Garth Cartwright: Princes Amongst Men
May 8, 2005
PRINCES AMONGST MEN: JOURNEYS WITH GYPSY MUSICIANS, Garth Cartwright (Serpent’s Tail)
It’s a long way from the streets of Mt. Roskill to the mahalas of Macedonia.
Garth Cartwright grew up in the former where he began writing as a teenager, covering the current rock and rap for the New Zealand music press. He doesn’t say which came first, his disillusionment with western rock or discovery of the gypsy music of the Balkans, but he makes it clear that in the sounds of the Tzigane he heard the soulfulness and authenticity he found missing from the increasingly corporate rock of the west.
After moving to London, he set out on a quest to track down and meet the greatest living gypsy musicians and discover the forces that have shaped the music and its makers. This involved a trek through the war-torn Balkans, starting in Serbia and travelling through Macedonia, Romania and Bulgaria.

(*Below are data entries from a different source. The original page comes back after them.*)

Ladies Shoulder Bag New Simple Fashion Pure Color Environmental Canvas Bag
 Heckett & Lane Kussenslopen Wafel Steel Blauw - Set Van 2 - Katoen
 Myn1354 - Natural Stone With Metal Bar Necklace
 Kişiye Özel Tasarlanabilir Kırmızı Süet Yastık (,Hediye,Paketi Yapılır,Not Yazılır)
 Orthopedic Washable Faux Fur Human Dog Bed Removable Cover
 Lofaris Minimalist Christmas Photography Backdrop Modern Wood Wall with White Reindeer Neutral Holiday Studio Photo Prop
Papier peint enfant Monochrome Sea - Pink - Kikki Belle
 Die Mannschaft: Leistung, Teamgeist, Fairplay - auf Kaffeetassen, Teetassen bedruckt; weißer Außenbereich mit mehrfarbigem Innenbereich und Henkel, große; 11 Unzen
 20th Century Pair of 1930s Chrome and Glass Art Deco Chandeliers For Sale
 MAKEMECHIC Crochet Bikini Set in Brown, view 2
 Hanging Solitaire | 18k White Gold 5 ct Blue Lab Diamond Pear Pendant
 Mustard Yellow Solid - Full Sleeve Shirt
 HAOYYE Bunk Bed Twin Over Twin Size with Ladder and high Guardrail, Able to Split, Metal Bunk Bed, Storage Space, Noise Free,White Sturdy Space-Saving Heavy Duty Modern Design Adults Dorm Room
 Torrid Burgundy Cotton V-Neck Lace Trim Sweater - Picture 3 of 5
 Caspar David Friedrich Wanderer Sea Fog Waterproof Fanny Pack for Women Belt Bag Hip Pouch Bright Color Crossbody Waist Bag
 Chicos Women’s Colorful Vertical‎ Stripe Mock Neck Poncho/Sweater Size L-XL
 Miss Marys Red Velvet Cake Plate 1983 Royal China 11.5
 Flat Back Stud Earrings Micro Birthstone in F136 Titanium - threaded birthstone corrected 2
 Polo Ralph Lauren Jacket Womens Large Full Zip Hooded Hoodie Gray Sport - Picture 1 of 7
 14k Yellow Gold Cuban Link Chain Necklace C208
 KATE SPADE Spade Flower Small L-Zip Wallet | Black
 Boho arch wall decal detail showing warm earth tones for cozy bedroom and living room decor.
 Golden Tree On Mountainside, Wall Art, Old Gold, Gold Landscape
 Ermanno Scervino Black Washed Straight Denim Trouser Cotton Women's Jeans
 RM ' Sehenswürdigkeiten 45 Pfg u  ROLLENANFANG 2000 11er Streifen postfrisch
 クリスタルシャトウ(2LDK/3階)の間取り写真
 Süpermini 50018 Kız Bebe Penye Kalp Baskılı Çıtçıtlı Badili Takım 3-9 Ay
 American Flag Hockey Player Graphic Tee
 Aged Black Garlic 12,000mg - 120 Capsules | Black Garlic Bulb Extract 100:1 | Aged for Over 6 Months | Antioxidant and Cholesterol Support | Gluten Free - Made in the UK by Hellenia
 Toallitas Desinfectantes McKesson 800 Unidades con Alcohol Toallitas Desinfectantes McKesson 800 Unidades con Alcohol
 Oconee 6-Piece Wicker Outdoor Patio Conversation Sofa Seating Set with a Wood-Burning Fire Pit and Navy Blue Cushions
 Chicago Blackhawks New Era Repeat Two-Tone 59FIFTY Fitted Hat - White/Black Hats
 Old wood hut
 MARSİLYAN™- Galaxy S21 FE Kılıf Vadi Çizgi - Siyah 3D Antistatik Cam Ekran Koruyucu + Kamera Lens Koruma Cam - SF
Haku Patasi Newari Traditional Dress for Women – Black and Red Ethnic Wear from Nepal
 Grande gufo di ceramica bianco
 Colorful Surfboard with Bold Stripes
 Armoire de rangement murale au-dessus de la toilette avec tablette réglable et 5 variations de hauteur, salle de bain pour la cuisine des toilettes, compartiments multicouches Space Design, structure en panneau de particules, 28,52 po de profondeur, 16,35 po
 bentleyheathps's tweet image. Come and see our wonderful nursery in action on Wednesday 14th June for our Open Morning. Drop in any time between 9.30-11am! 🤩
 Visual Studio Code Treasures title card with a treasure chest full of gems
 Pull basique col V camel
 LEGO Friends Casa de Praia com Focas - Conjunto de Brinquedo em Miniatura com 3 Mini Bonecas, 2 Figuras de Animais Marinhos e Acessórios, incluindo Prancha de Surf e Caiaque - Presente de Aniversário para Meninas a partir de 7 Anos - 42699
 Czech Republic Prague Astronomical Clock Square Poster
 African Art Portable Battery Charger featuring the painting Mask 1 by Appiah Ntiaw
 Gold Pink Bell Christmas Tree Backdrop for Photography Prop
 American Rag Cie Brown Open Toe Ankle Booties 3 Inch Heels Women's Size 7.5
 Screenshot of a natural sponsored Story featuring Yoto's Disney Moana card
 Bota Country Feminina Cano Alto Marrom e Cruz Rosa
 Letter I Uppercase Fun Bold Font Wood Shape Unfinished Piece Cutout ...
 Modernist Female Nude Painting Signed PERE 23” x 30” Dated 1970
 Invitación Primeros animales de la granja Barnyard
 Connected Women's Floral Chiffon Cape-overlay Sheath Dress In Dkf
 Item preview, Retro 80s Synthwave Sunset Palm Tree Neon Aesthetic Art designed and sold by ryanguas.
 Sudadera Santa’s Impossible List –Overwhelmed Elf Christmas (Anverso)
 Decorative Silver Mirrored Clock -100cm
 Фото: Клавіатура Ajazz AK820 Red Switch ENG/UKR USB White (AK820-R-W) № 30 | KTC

Cartwright is no ivory tower scholar and his first book no dry academic field study. Rather, it’s a rambunctious round of bars, street parties, weddings, funerals – wherever working gypsy musicians could be found.
Among other things, Princes Amongst Men: Journeys With Gypsy Musicians is a catalogue of hangovers, as the writer attempts to keep up with the musicians and their audiences in their consumption of rakija, the local firewater. In more sober moments, he visits the musicians in their kitchens and living rooms where we meet such colourful characters as Esma Redzepova, the veteran star of Macedonian song who reveals that “Elvis Presley was a gypsy”, and the outrageous Aziz, a gender-bending Bulgarian pop star whom Cartwright compares to Little Richard. We share in their hospitality, see the decorations on their walls, taste the sweet coffee and hear how they and their families have survived political upheavals and generations of persecution.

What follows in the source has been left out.